No problem for northern wind turbines.
All of Minnesota Power's 164 wind turbines at its 500-megawatt Bison Wind Energy Center in New Salem, N.D., continued to run, Skelton said.
It was pretty much the same on the Iron Range.
At Minnesota Power's Taconite Ridge Wind Energy Center at Minntac Mine in Mountain Iron, the 10-turbine, 25-megawatt facility, remained operational through almost all of the long cold stretch.
However, the turbines did shut down for three days due to the cold, Skelton said.
“They typically run to 22 below zero,” Skelton said. “They've got a little more range due to the cold weather package and the design.”
A high-tech temperature sensor inside each turbine nacelle at Taconite Ridge takes a temperature reading every 10 minutes, according to Skelton.
If the temperature inside a turbine nacelle reaches 22 below zero, the turbine automatically shuts down. The sensor continues to take a temperature reading every 10 minutes.
When the temperature inside the nacelle goes back above 22 below zero, and with sufficient wind blowing, the turbine automatically restarts.
Special cold-weather lubricants and an internal electric heater inside the nacelle, help keep the turbine internals operating.
The Taconite Ridge site, high atop a hill, is unique when it comes to temperature, Skelton said.
That means the Taconite Ridge turbines may continue to run even if its colder in other areas of the Iron Range, he said.
“There's kind of a temperature anomaly there,” Skelton said. “Even when it's 35 below in Tower, it doesn't reach 22 below at Taconite Ridge.”
Great River Energy distributes electricity to 28 rural cooperatives across the state from nine wind farms in Minnesota, North Dakota and Iowa.
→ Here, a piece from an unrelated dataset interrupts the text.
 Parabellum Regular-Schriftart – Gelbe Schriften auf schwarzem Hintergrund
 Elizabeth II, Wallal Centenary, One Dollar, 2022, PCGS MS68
The wind farms are owned and operated by wind developers.
All the wind farms providing power to Great River Energy continued to operate during the cold snap, Mark Rathbun, Great River Energy manager of renewable resources said.
Wind turbine manufacturers design and build turbines to meet the expected weather conditions of specific geographical areas, Rathbun said.
“The key to operations in the Midwest is preparation,” Rathbun said. “Based on where the wind turbines are located, the wind turbine manufacturers anticipate those conditions and build them to operate in a wide range of temperature conditions. They could operate down to minus 22 and up to 95 to 100 degrees.”
Standard wind turbines without cold weather packages, are designed to operate down to five degrees Fahrenheit, he said.
Yet, as temperatures fall, the air changes, making a wind turbine more effective.
“The wind has more energy as it gets cooler,” Rathbun said. “The air gets more dense and you are going to get more power at zero degrees than at 70 degrees.”
Beyond bitter cold temperatures, icing on wind turbines can also create major problems, Skelton said.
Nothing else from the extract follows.